A ideologia da direita militar elaborada pelo generalato e por ele chamada de “nova democracia” (segundo a qual os militares mandam e os demais poderes obedecem) precede a opção pela candidatura de Bolsonaro. O nacionalismo econômico, que era hegemônico nos quartéis, foi substituído por um liberalismo radical porque esse grupo considera que isso define o PT – e para ser radicalmente contra o partido de Lula, era necessário que o partido militar fosse ultraliberal. Ou seja, os generais querem se apresentar como antítese absoluta do PT. Foi o PT o eleito por eles como o inimigo número 1 da Nação. “O nacionalismo econômico não é mais nosso programa, deixamos isso para o Partido dos Trabalhadores, agora é liberalismo, foi o que dissemos a Bolsonaro, queremos um país o mais livre possível, o que nos coloca radicalmente contra o que o PT”, disse a fonte do jornalista.
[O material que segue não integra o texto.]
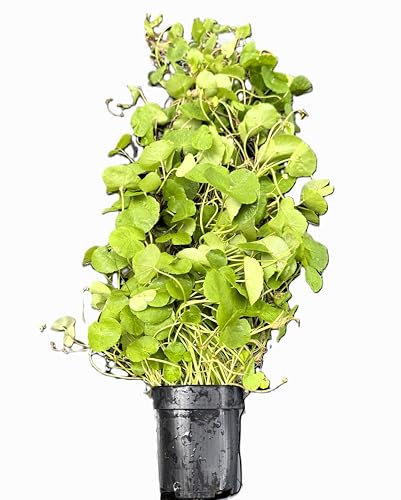 WASSERPFLANZEN WOLFF - MUTTERPFLANZE Brasilianischer Wassernabel/Hydrocotyle leucocephala mit dekorativen Rankenzügen und Wasserwurzeln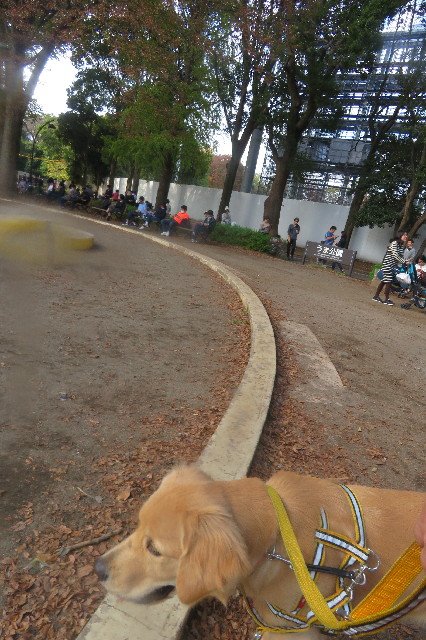 ファイル 6794-5.jpg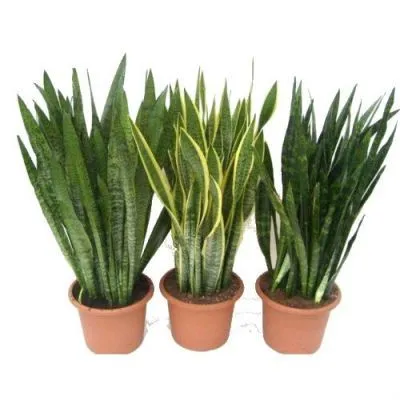 Сансевиерия Микс 10/30 фото в интернет-магазине Флоранж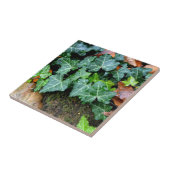 Carreau Lierre et pierre de champ (Côté)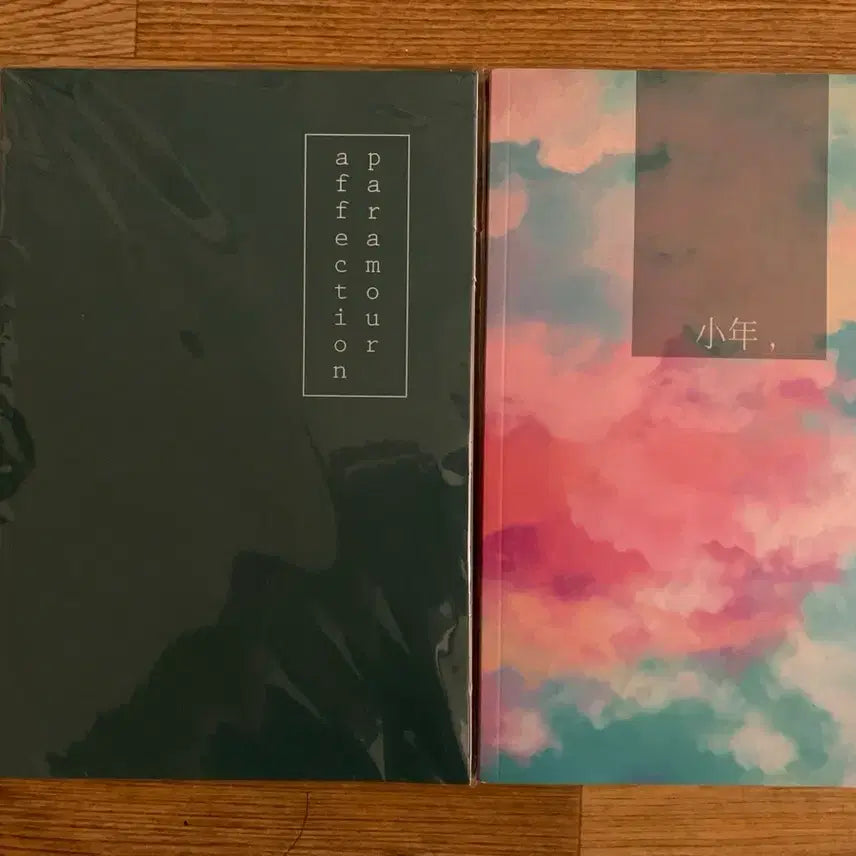 [BUNJANG] BTS V Jin Fanbook / 방탄소년단 BTS 뷔 진 뷔진 팬북 소장본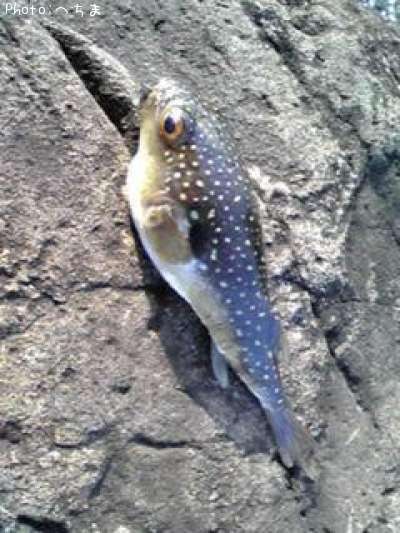 �����ե�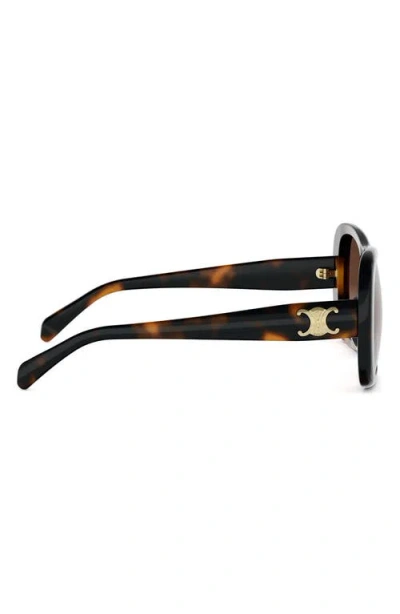 Celine Triomphe 55mm Gradient Pilot Sunglasses In Brown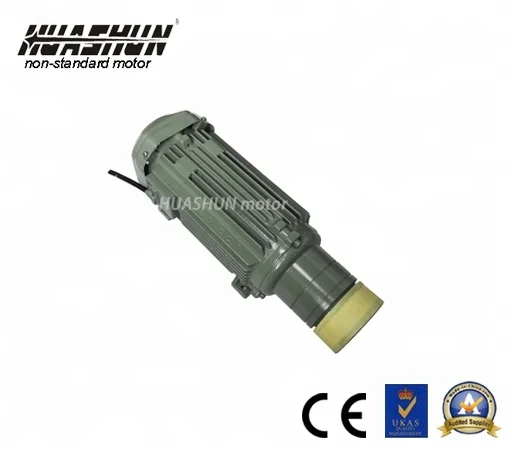 
HUASHUN Non-standard Customized Motor 2 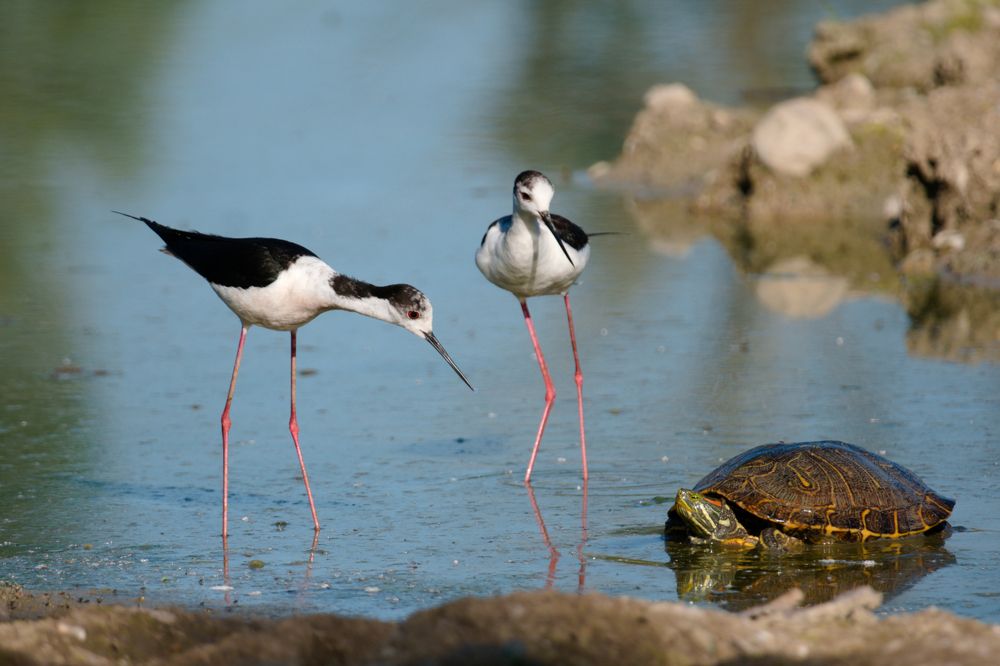 Photograph by Martino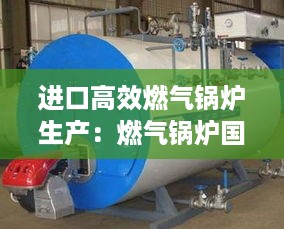 进口高效燃气锅炉生产：燃气锅炉国外品牌 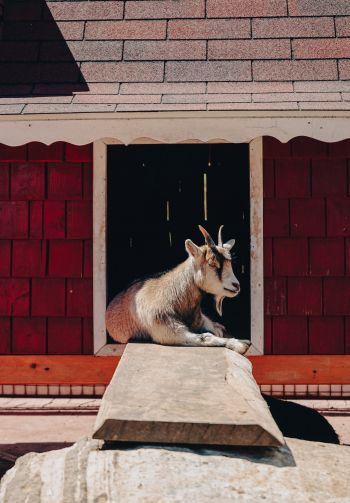 Tecpan Guatemala, Tecpan Guatemala, Guatemala, goat Wallpaper 1640x2360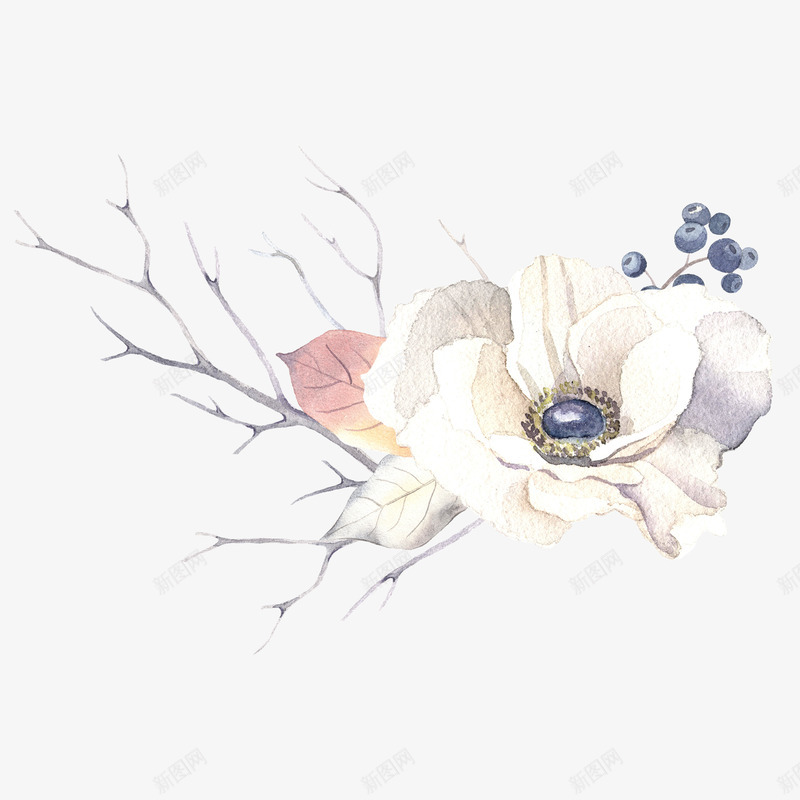 卡通手绘美丽的花png免抠素材_新图网 https://ixintu.com 创意 创意设计 卡通手绘 树枝 植物 水彩 灵感 白色 美丽 花
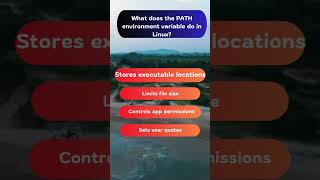 Purpose of the PATH Environment Variable in Linux computerbasics [upl. by Adnirem]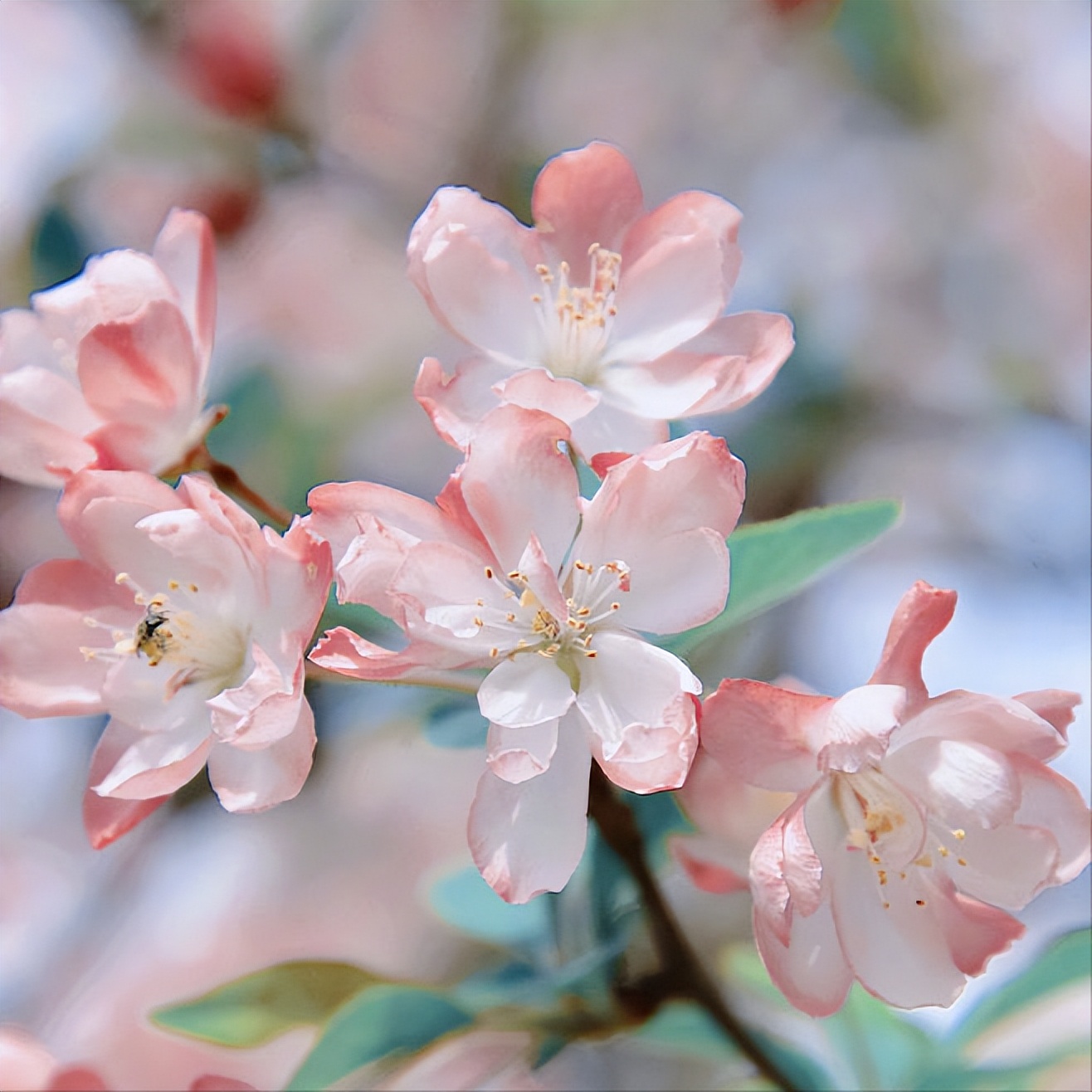 20首最美相思诗词，首首经典，每一首都有一个千古名句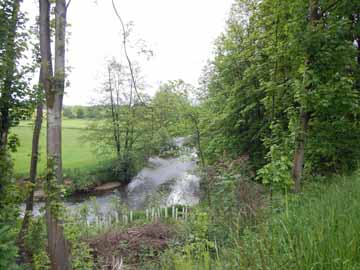 Wupper – unterhalb Gewerbegebiet Hämmern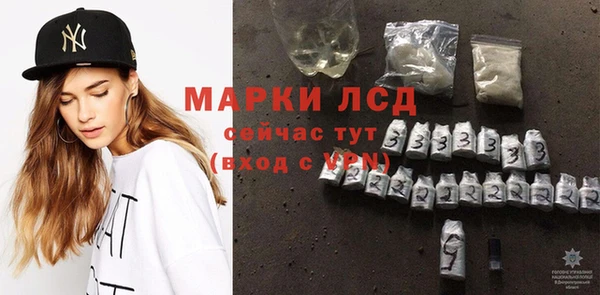 ECSTASY Михайлов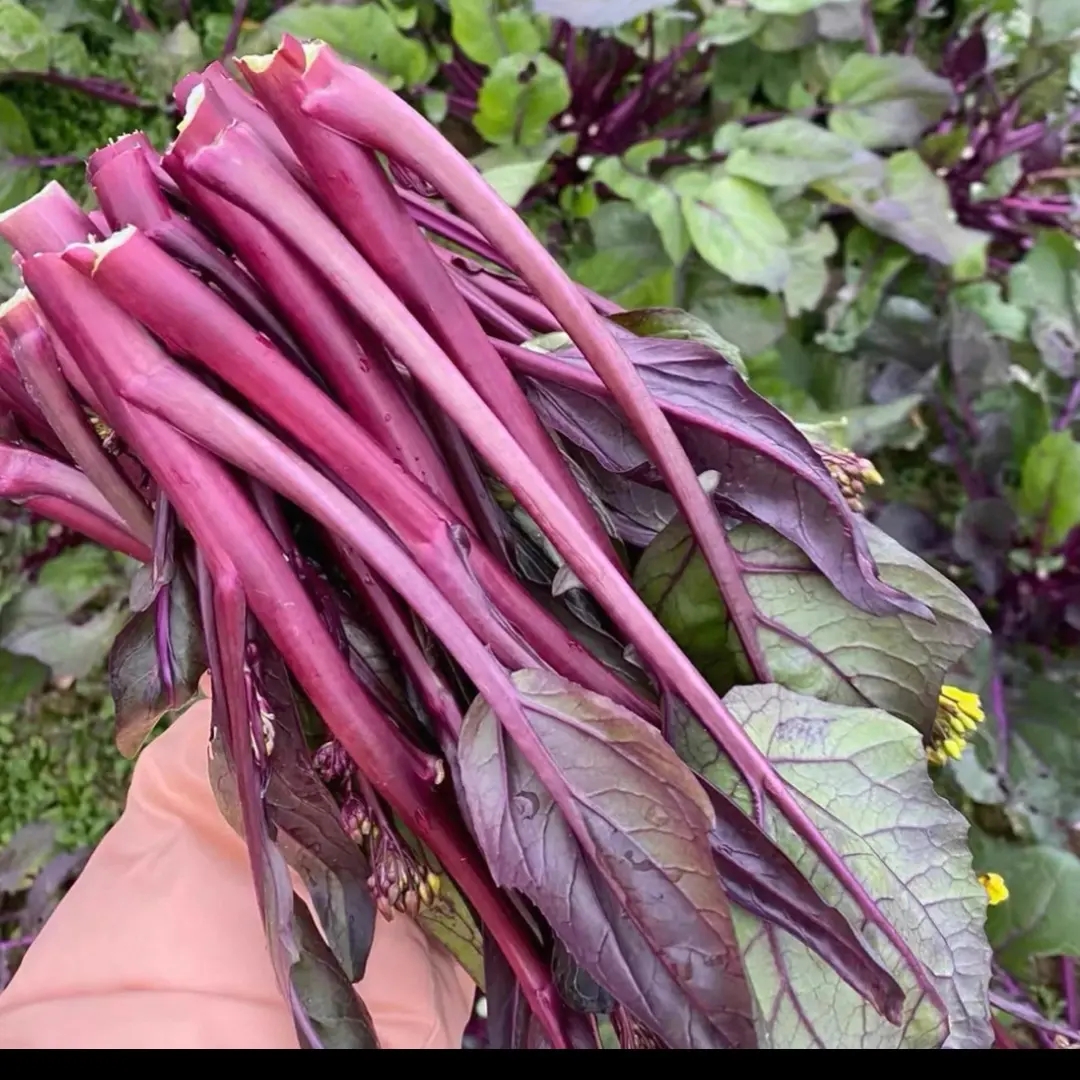 新鲜现摘红菜苔菜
Os outros “pilares” da “nova democracia” recitados pelo militar de alto escalão de Michel Temer, sob cujo governo ocorreram as eleições de 2018, são: “a luta contra a corrupção, a segurança, o ajuste fiscal, a reforma previdenciária, a melhoria dos transportes e, por que não, a questão das mulheres”.
O programa político elaborado pelo “grupo de militares de alto escalão” não apenas justifica, mas define como objetivo a ocupação militar do aparelho estatal. A “doutrina” elaborada por eles diz que os militares devem assumir uma “participação hegemônica” no aparelho de Estado e reivindica a ascendência sobre os civis recitando um suposto direito à igualdade, como se fosse absolutamente democrático assumirem o Estado e manterem a sociedade civil refém de seu poder bélico. “Queremos ser aceitos como cidadãos plenos, não como cidadãos de segunda classe, e é por isso que estamos falando de uma nova democracia (…) Os oficiais militares são pessoas muito qualificadas, conhecemos idiomas, temos pós-graduados, temos que acabar com isso de não podermos ser ministros”, disse a “fonte sênior” de Falak.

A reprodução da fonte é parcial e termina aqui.